Source information:
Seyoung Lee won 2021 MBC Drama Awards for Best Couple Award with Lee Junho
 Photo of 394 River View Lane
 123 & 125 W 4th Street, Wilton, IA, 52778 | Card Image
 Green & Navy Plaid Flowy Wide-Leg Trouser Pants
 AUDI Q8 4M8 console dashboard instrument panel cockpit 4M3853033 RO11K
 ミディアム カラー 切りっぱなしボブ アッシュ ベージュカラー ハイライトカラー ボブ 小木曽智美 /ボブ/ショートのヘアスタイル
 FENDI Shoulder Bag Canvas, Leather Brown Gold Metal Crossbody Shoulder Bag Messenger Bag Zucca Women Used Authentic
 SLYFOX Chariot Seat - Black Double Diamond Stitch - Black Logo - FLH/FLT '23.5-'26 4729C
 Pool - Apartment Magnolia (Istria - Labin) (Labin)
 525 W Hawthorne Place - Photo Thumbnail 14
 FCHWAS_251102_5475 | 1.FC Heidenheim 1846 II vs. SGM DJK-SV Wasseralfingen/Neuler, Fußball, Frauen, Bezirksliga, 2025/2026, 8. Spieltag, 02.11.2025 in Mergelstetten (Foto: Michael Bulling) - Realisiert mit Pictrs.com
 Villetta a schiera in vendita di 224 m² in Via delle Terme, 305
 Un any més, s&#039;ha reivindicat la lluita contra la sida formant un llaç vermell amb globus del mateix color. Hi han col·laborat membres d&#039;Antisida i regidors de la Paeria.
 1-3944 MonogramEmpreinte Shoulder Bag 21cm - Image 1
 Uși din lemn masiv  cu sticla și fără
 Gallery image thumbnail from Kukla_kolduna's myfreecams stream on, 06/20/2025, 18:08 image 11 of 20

Work to be completed:
You are asked to reproduce word for word the line containing "AUDI Q8 4M8" and every subsequent line through the end of the entries.

Answer to this exercise:
 AUDI Q8 4M8 console dashboard instrument panel cockpit 4M3853033 RO11K
 ミディアム カラー 切りっぱなしボブ アッシュ ベージュカラー ハイライトカラー ボブ 小木曽智美 /ボブ/ショートのヘアスタイル
 FENDI Shoulder Bag Canvas, Leather Brown Gold Metal Crossbody Shoulder Bag Messenger Bag Zucca Women Used Authentic
 SLYFOX Chariot Seat - Black Double Diamond Stitch - Black Logo - FLH/FLT '23.5-'26 4729C
 Pool - Apartment Magnolia (Istria - Labin) (Labin)
 525 W Hawthorne Place - Photo Thumbnail 14
 FCHWAS_251102_5475 | 1.FC Heidenheim 1846 II vs. SGM DJK-SV Wasseralfingen/Neuler, Fußball, Frauen, Bezirksliga, 2025/2026, 8. Spieltag, 02.11.2025 in Mergelstetten (Foto: Michael Bulling) - Realisiert mit Pictrs.com
 Villetta a schiera in vendita di 224 m² in Via delle Terme, 305
 Un any més, s&#039;ha reivindicat la lluita contra la sida formant un llaç vermell amb globus del mateix color. Hi han col·laborat membres d&#039;Antisida i regidors de la Paeria.
 1-3944 MonogramEmpreinte Shoulder Bag 21cm - Image 1
 Uși din lemn masiv  cu sticla și fără
 Gallery image thumbnail from Kukla_kolduna's myfreecams stream on, 06/20/2025, 18:08 image 11 of 20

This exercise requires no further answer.